Work as if you live in the early days of a better nation

Recommending: Growing your own vegetables

A time to be born, and a time to die.

My neighbour and friend at Harvard, who was training to be a priest, recently gave me a book on David Jones. Jones’ poems In Parenthesis and Anathemata are great works I come back to time and again. They are not easy first reading but very rewarding.

From In Parenthesis, part 7

And to Private Ball it came as if a rigid beam of great weight
flailed about his calves, caught from behind by ballista-baulk
let fly or aft-beam slewed to clout gunnel-walker
below below below.
When golden vanities make about,
you’ve got no legs to stand on.
He thought it disproportionate in its violence considering
the fragility of us.
The warm fluid percolates between his toes and his left boot
fills, as when you tread in a puddle–he crawled away in the
opposite direction.

Turning to economic woes, I’ve only just been made aware of my friend, Leigh Caldwell’s blog on economic and related subjects, called Know and Making. He runs his own business and comments from the front lines, so to speak.
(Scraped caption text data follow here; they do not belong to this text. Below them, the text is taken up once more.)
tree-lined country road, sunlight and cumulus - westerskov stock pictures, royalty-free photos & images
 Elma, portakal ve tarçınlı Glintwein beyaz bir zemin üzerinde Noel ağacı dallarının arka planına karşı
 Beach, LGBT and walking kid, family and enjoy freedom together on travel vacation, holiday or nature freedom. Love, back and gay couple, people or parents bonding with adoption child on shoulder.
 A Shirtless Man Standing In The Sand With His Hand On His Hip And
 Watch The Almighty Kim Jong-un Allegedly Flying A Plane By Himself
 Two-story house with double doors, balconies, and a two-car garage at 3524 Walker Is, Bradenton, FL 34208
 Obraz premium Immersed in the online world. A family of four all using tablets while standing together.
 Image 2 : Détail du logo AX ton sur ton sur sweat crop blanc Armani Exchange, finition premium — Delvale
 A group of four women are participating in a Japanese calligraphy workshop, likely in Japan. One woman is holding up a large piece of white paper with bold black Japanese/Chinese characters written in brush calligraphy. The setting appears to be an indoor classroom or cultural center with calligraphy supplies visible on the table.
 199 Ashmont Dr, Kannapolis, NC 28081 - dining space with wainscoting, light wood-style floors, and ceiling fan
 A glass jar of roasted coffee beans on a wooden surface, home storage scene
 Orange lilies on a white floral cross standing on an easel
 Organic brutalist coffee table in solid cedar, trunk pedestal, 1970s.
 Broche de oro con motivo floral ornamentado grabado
In the tide of reading a lot of commentary on the current state of the economy I rediscovered a poem from Ecclesiastes and with my recent correspondence with my priest friend on transubstantiation I thought appropriate for these times. (I amalgamate the translations somewhat).

To everything – a season, and a time to every delight under the heavens:

A time to be born, and a time to die. A time to plant, and a time to pluck the planted.

A time to slay, and a time to heal. A time to break down, and a time to build up.

A time to cry, and a time to laugh. A time to mourn, and a time to dance.

A time to scatter away stones, and a time to pile up stones. A time to embrace, and a time to be far from embracing.

A time to seek, and a time to destroy. A time to keep, and a time to throw away.

A time to rend, and a time to sew. A time to be silent, and a time to speak.

A time to love, and a time to hate. A time of war, and a time of peace.

Ecclesiastes 3. [Young’s literal / King James / Yeoh translation]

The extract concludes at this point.